L’appréciation du juge des référés

  • Absence d’atteinte grave et immédiate : la décision contestée n’interrompt pas un cycle en cours mais concerne l’entrée dans un nouveau cycle sélectif (M1).
  • Capacités d’accueil et sélection : le conseil d’administration de Paris-Saclay a fixé à 90 le nombre de places en M1 Droit privé pour 2025-2026, avec critères de sélection (résultats L1-L3, progression, matières à TD, motivation). Mme B n’apporte aucun élément sur ses résultats et figurait 250e en liste d’attente, ce qui ne révèle pas une chance sérieuse d’admission.
  • Voies alternatives : l’intéressée peut saisir le recteur au titre du dispositif de l’article R. 612-36-3 (« droit au master ») pour obtenir des propositions compatibles avec son projet.

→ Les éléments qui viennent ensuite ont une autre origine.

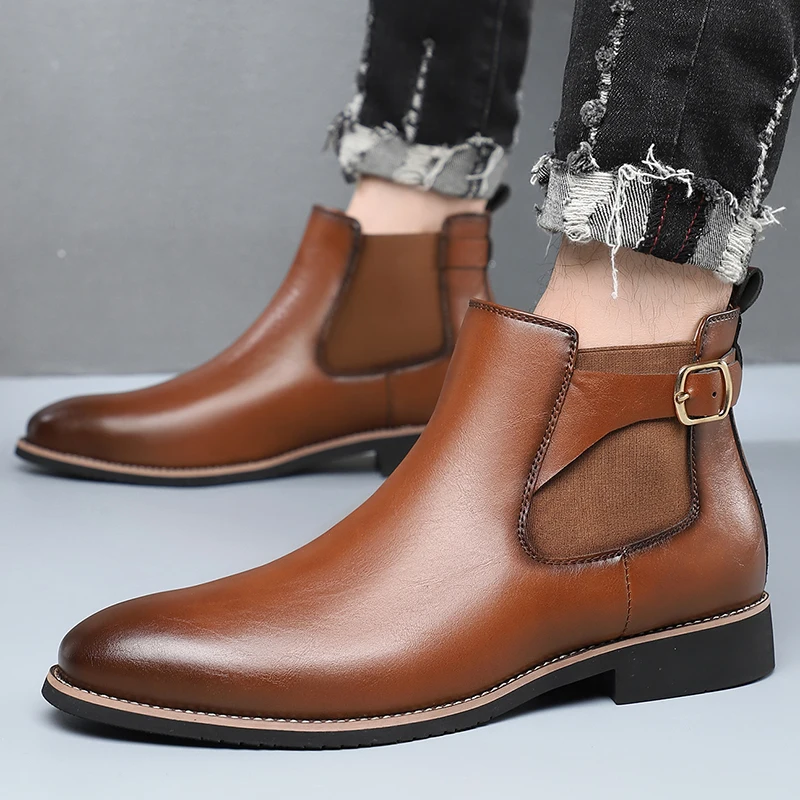 Hot selling Casual men's Chelsea boots Fashionable British style Outdoor leisure business party Wedding office adult Brown shoes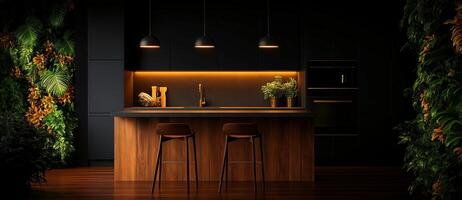 Modern kitchen interior with dark cabinetry, warm lighting, and greenery. stylish island features wooden stools, creating cozy atmosphere perfect for gatherings photo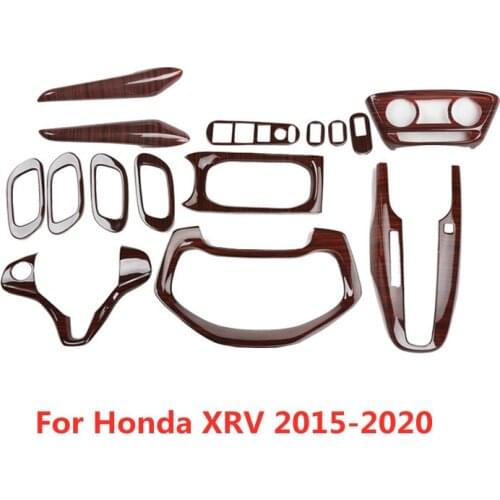 1 set Wood Grain Car Interior Styling Steering Wheel Gear Panel Sticker Cover Handle Moulding Tirm for Honda XRV 2015-2020
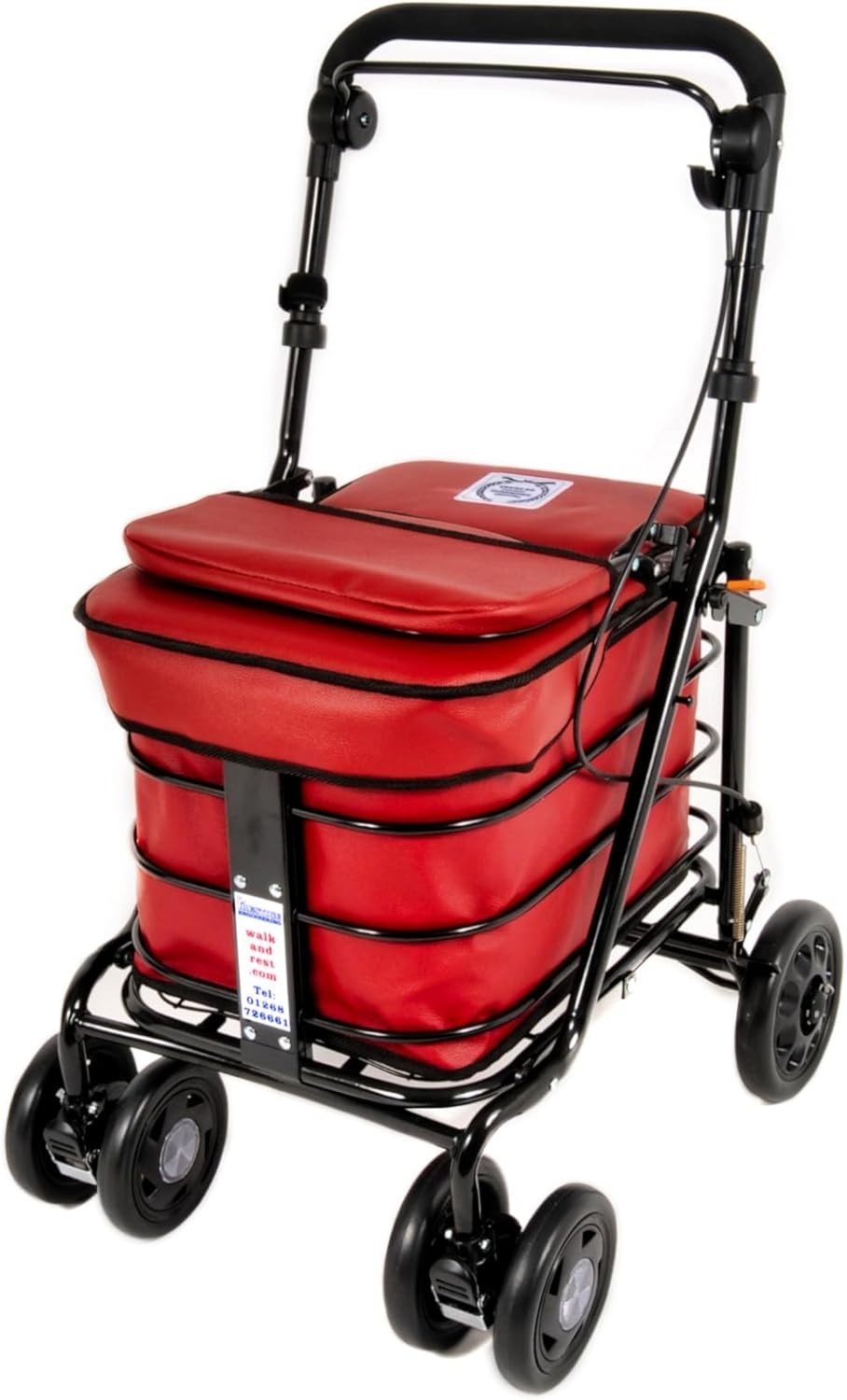 Premium 6 Wheel Mobility Shopping Trolley With Seat Backrest Red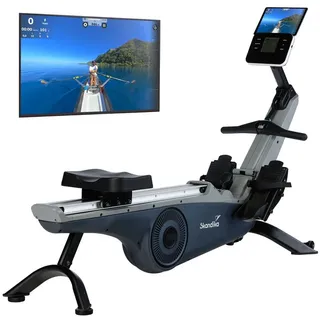 Skandika Rudergerät für Zuhause Freki, 24 Widerstandsstufen,19 Trainingsprogramme, 12kg Schwungmasse, Magnetwiderstand, Studio-Qualität, LCD-Display, Kinomap, aufstellbar, wartungsarm Bis 135kg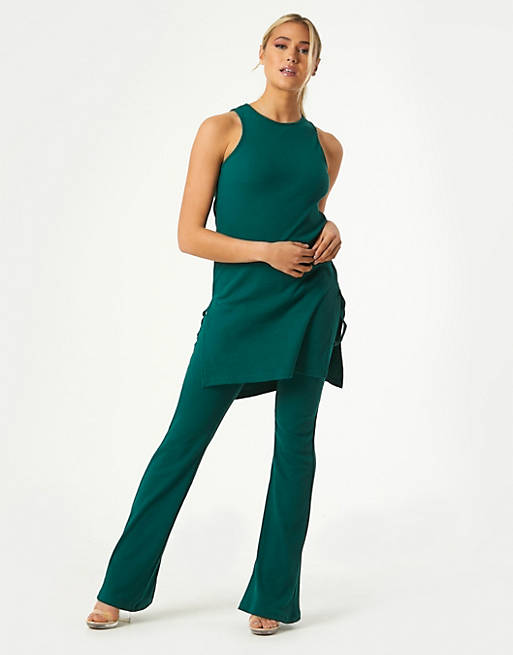 Exclusives Outrageous Fortune exclusive ruched side detail longline top in emerald green 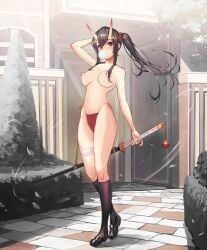 hibiki_(evertale), evertale, red_bikini, sword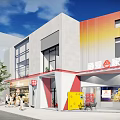 Modern Nanyue Shijia Commercial Building Exterior With Colorful Facade Glass Windows And Pedestrians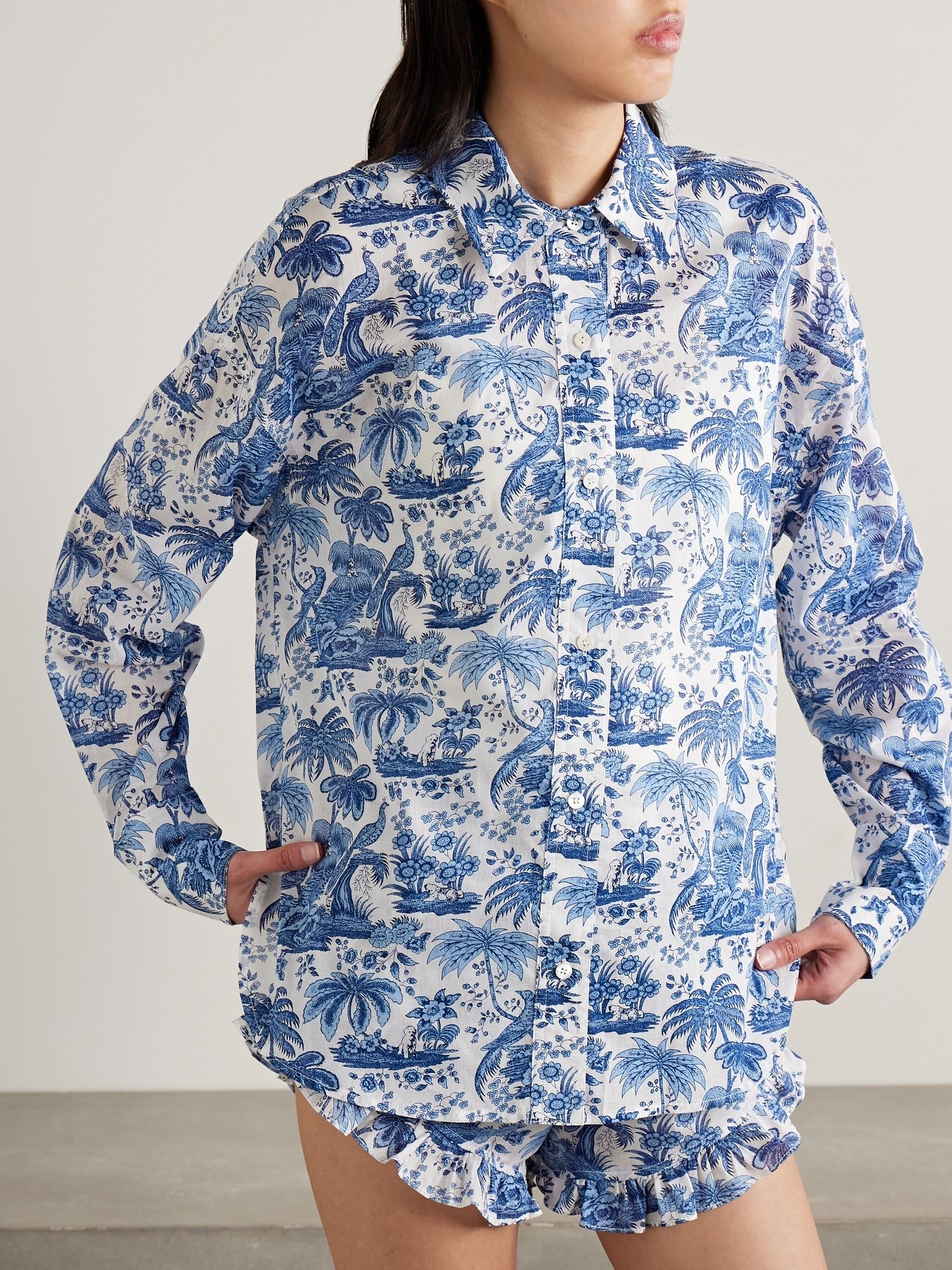 Colton printed cotton-voile shirt Blue - 3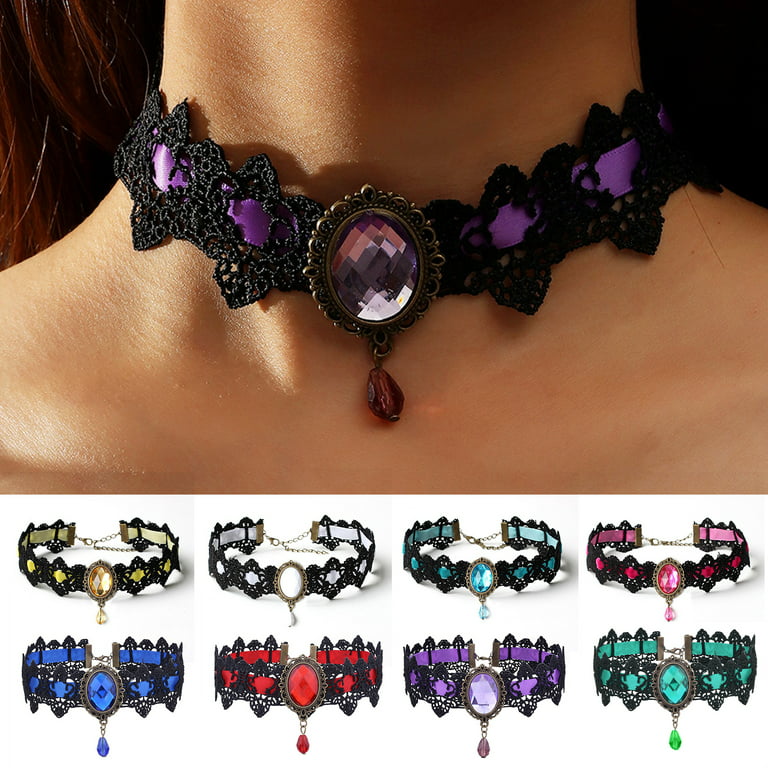 Kripyery Women Choker Gothic Vintage Braided Aesthetic with Faux Gemstone  Dress Up Gift Ladies Punk Lace Stitching Clavicle Necklace Trendy Jewelry
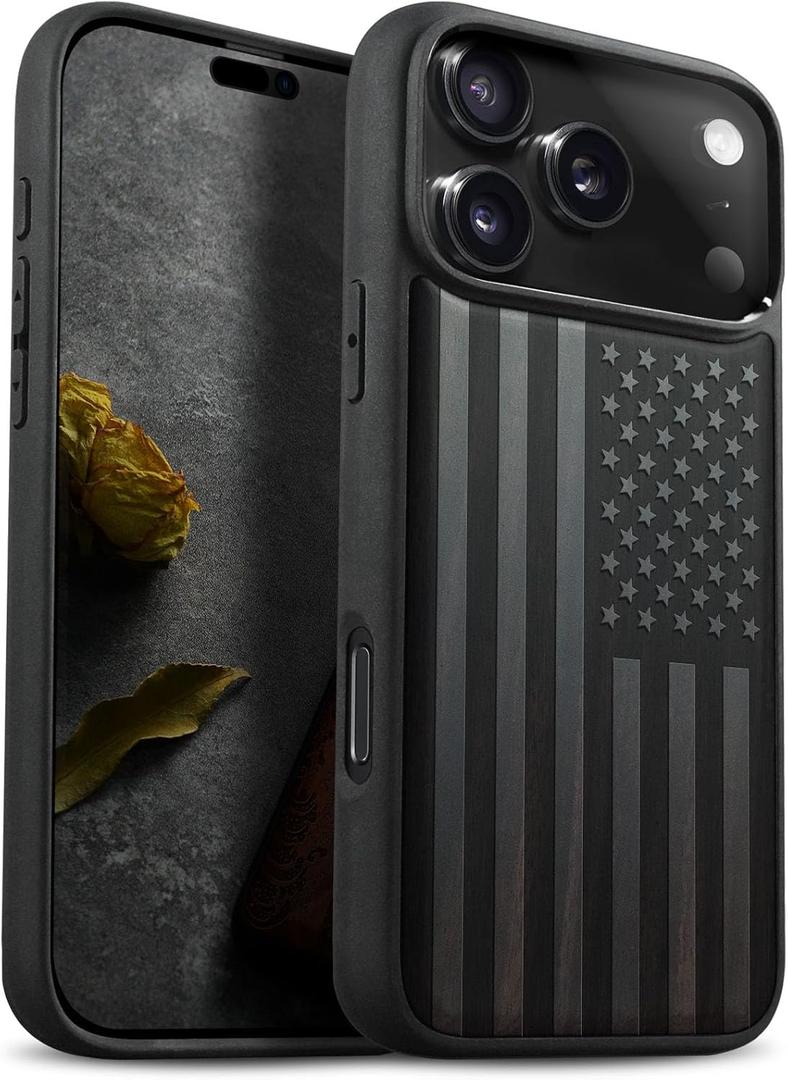 Carveit Magnetic Wooden Case for iPhone 17 Pro Case, Wood Artisan Engraved & Black Soft TPU Shockproof Cover, Compatible with MagSafe Wireless Chargers (The Classic American Flag) Blackwood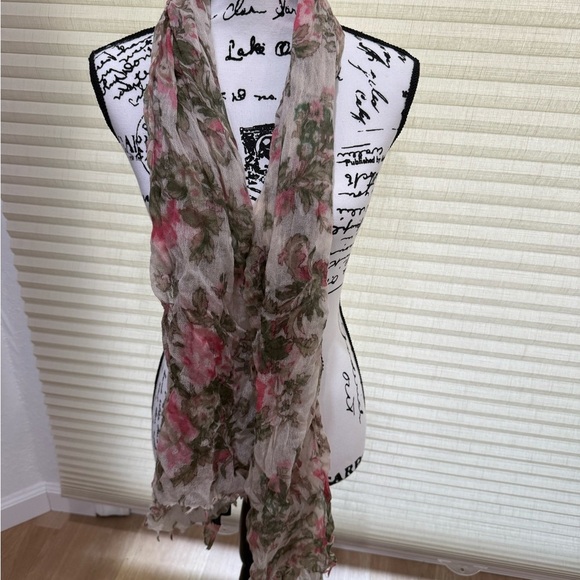 Ann Taylor Floral Pink and Green Scarf - Picture 3 of 3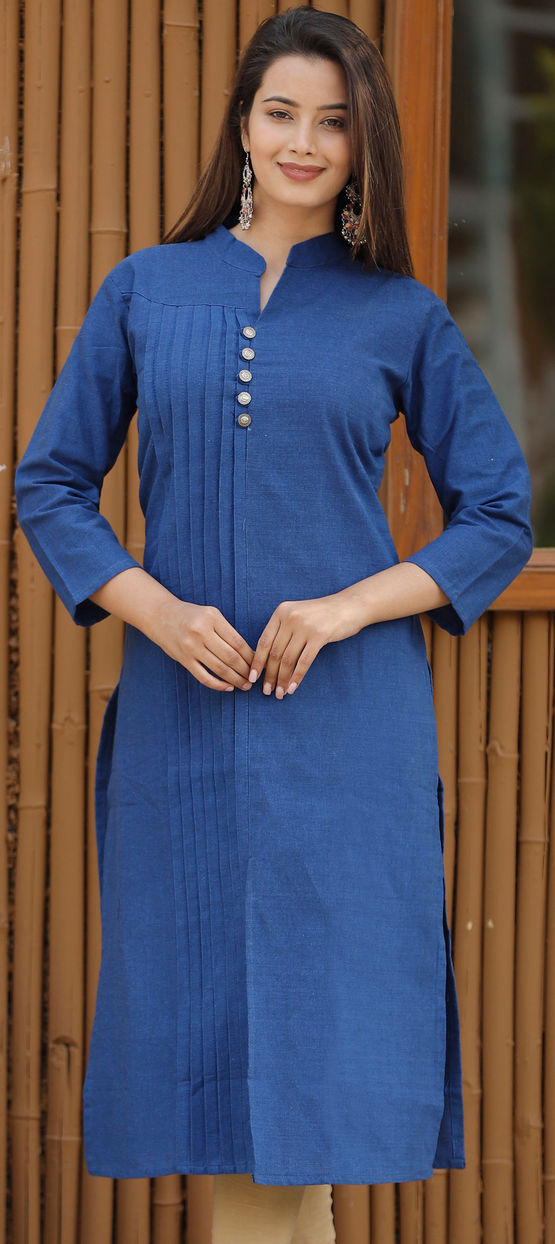 Bollywood Designer Blue color cotton fabric Kurti 1617786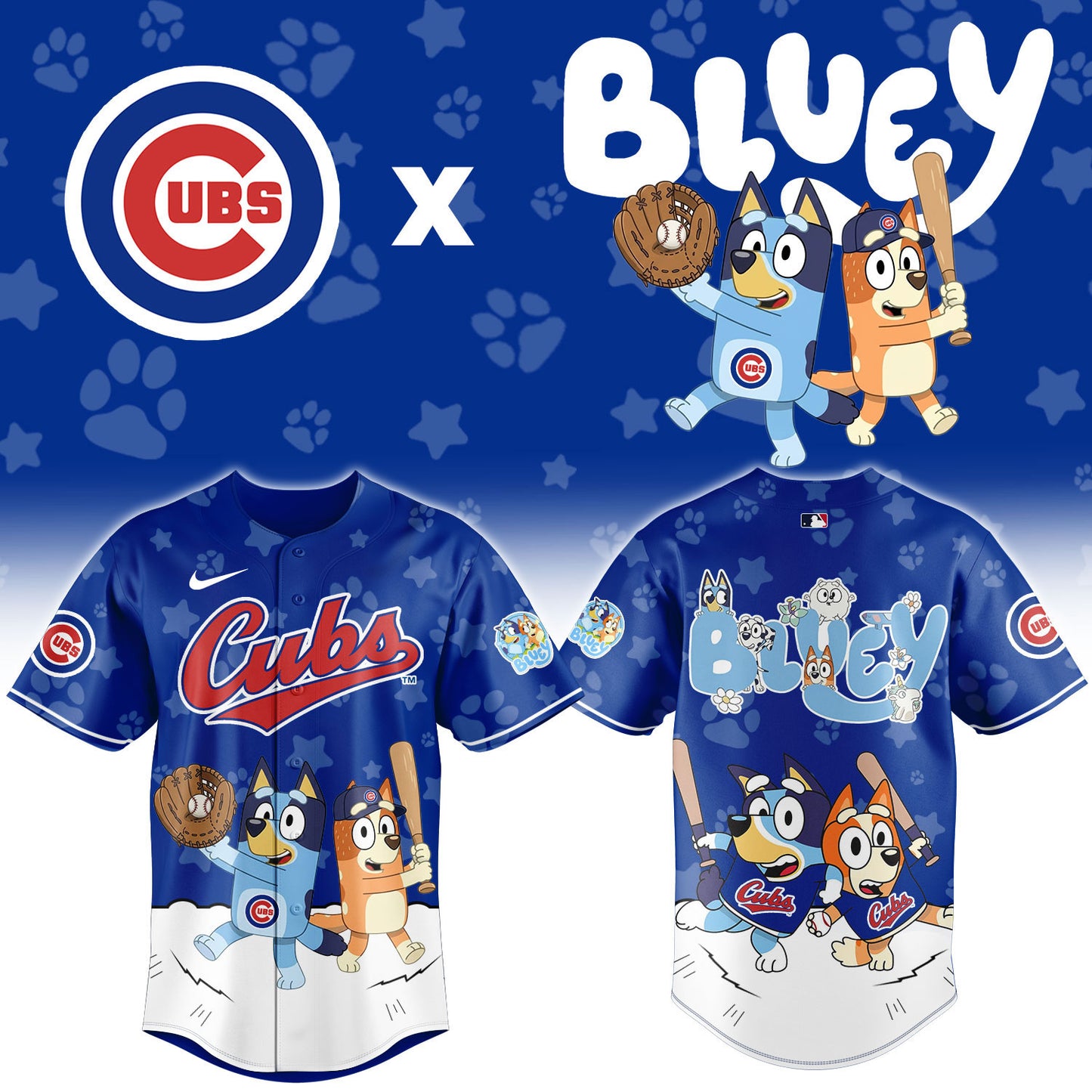 C.Cubs Bluey Night Limited Baseball Jersey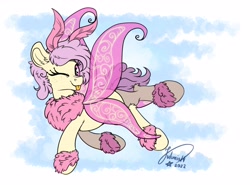 Size: 3915x2894 | Tagged: safe, artist:julunis14, oc, oc only, oc:light violet, moth, mothpony, original species, :p, antennae, chest fluff, cute, flying, freckles, high res, hoof fluff, looking at you, mlem, not fluttershy, ocbetes, one eye closed, silly, tongue out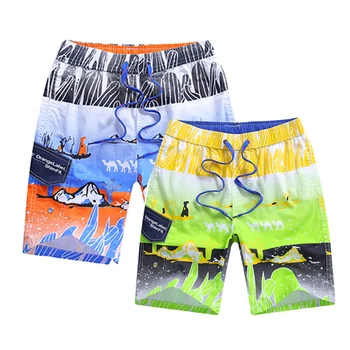

2019 Summer Boys Beach Shorts Surf Board Shorts Quick Drying Swimwear Swimsuit Swimming Boxer Trunks Running Boy Swimwear Kids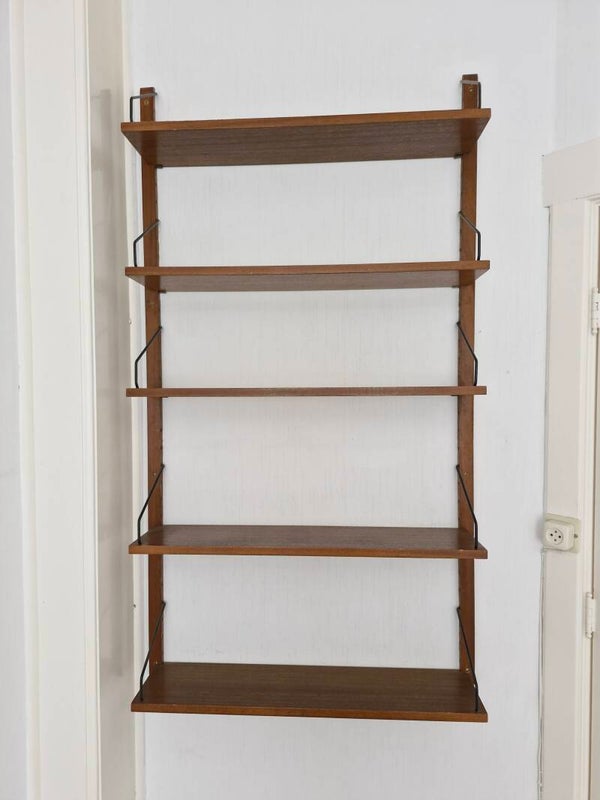 Vintage boekenrek / wandrek Poul Cadovius Deens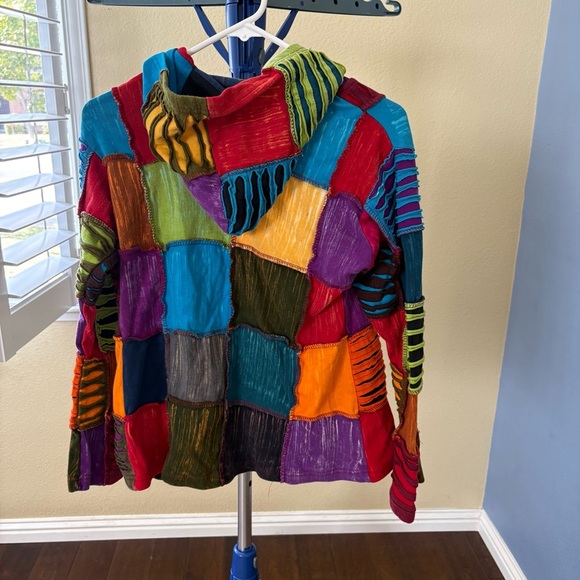The Collection Royal Womens S Colorful Patchwork Nepal Zip Hoodie Y2K **No Zip - Picture 4 of 15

Dans ces conditions, l’exécution de la décision ne porte pas, par elle-même, une atteinte grave et immédiate à la situation de Mme B : l’urgence fait défaut.

La décision rendue :

La requête est rejetée en toutes ses conclusions selon la procédure de l’article L. 522-3 CJA. Les demandes d’injonction et de frais sont également écartées :

« Toutefois, d’une part, la décision attaquée n’a pas pour effet de faire obstacle à la poursuite d’un cycle universitaire déjà engagé mais uniquement à l’engagement d’un nouveau cycle diplômant, dont l’accès est, pour la plupart des formations, subordonné au succès à un concours ou à l’examen du dossier du candidat. A ce titre, il résulte de l’instruction, que par une délibération n°CA-2024-063 du 17 décembre 2024, publiée au recueil des actes administratifs de l’université Paris-Saclay accessible librement sur le site internet de cette université, que son conseil d’administration a fixé, pour l’année universitaire 2025-2026, à 90 places la capacité d’accueil maximale pour le master 1 – droit privé et subordonné l’admission dans cette formation à un examen du dossier du candidat avec pour critères de sélection « les résultats en L1 L2 L3, la validation en première session, la progression des résultats, les résultats dans les matières à TD, la lettre de motivation et la motivation » du candidat. Mme B, qui ne produit aucun élément sur son parcours universitaire antérieur, notamment aucun élément sur ses notations, ne justifie pas de ce que la décision attaquée la priverait d’une chance sérieuse d’accéder à cette formation alors qu’il est constant qu’elle n’a été classée par le jury d’admission que 250ème sur liste d’attente pour le M1 droit privé de l’université Paris-Saclay. D’autre part, Mme B ne peut sérieusement soutenir qu’elle serait empêchée de poursuivre des études universitaires ou de réaliser son projet professionnel alors qu’il lui est notamment loisible, ainsi que l’indique d’ailleurs la décision attaquée, de saisir le recteur de la région académique sur le fondement de l’article R. 612-36-3 du code de l’éducation afin qu’il lui propose une inscription dans une formation du deuxième cycle en tenant compte de son projet professionnel. Par suite, il ne résulte pas de l’instruction que l’exécution de la décision attaquée porte par elle-même une atteinte grave et immédiate à la situation de la requérante ou à ses intérêts. Ainsi, la condition d’urgence exigée par les dispositions de l’article L. 521-1 du code de justice administrative ne peut être regardée comme remplie. »

À retenir :

Le référé-suspension contre un refus d’entrée en M1 suppose de démontrer une urgence concrète et actuelle. L’absence d’éléments objectifs sur le dossier académique, un rang très éloigné en liste d’attente et l’existence du « droit au master » géré par le recteur conduisent à l’écartement de l’urgence, sans examen du doute sérieux.